I find myself wondering if you’re simply not understanding what I’m writing, but I think the real problem is that you just don’t understand how single-payer works.

I’ve repeated it again and again, to no avail.

I already acknowledged that sure, government bureaucrats can do nasty things – and that includes denial of access to Medicaid, or denial of Medicare claims due to any of the vast myriad of conditions not being met. Are you able to understand that that has nothing whatsoever to do with single-payer?

Here is how single-payer works, for about the third or fourth attempt at explaining it. Paying all valid claims per the fee schedule, unconditionally and without exception, is structurally intrinsic to single-payer, one of whose foundational principles is lack of meddling in individual cases and delegation of trust to the medical professional and guaranteeing the autonomy of the doctor-patient relationship. In simple words, single-payer doesn’t deny claims for agreed-upon covered services, ever. By design, it has no ability to do so. Your implications that the bureaucratic denials that you know about somehow apply to single-payer are misleading nonsense which reveal only that you don’t understand the fundamental economic model of single-payer.

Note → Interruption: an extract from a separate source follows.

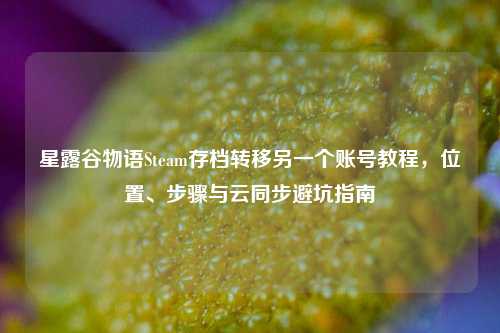 星露谷物语Steam存档转移另一个账号教程，位置、步骤与云同步避坑指南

As already noted just above and several times in preceding posts, you ought to care that their motives are not aligned with yours and often diametrically opposite, which is why private business is a horrible and unethical model for health care coverage even under the best of circumstances, why thousands of Americans get their health claims denied – sometimes in life-critical situations – and suffer health care costs as the #1 cause of personal bankruptcies. You ought to be very concerned that insurance bureaucrats are constantly coming between you and your doctor, interfering with the health care the medical system is able to provide, and you ought to be concerned that you’re paying through the nose for that unconscionable counterproductive meddling, about twice as much as the residents of any other advanced country in the world, and getting less for it, and then still getting dinged with enormous deductibles and co-pays while health insurers make out like bandits.

Why do I have to keep repeating myself? As I said before, that’s a failed argument because we’ve had such right-wing governments. The former Prime Minister of Canada was a right-wing climate change-denying evangelical nutjob. The present Premier of Ontario is a right-wing fanatic just like his late brother, the former mayor of Toronto. No one even remotely considers single-payer to be at risk. It’s not just that it’s popular, it’s that it’s now entrenched as a national value, a defining national characteristic. These are the kinds of nuances that might escape an outside observer, but they’re there, and they’re foundationally important. Single-payer and UHC aren’t going anywhere.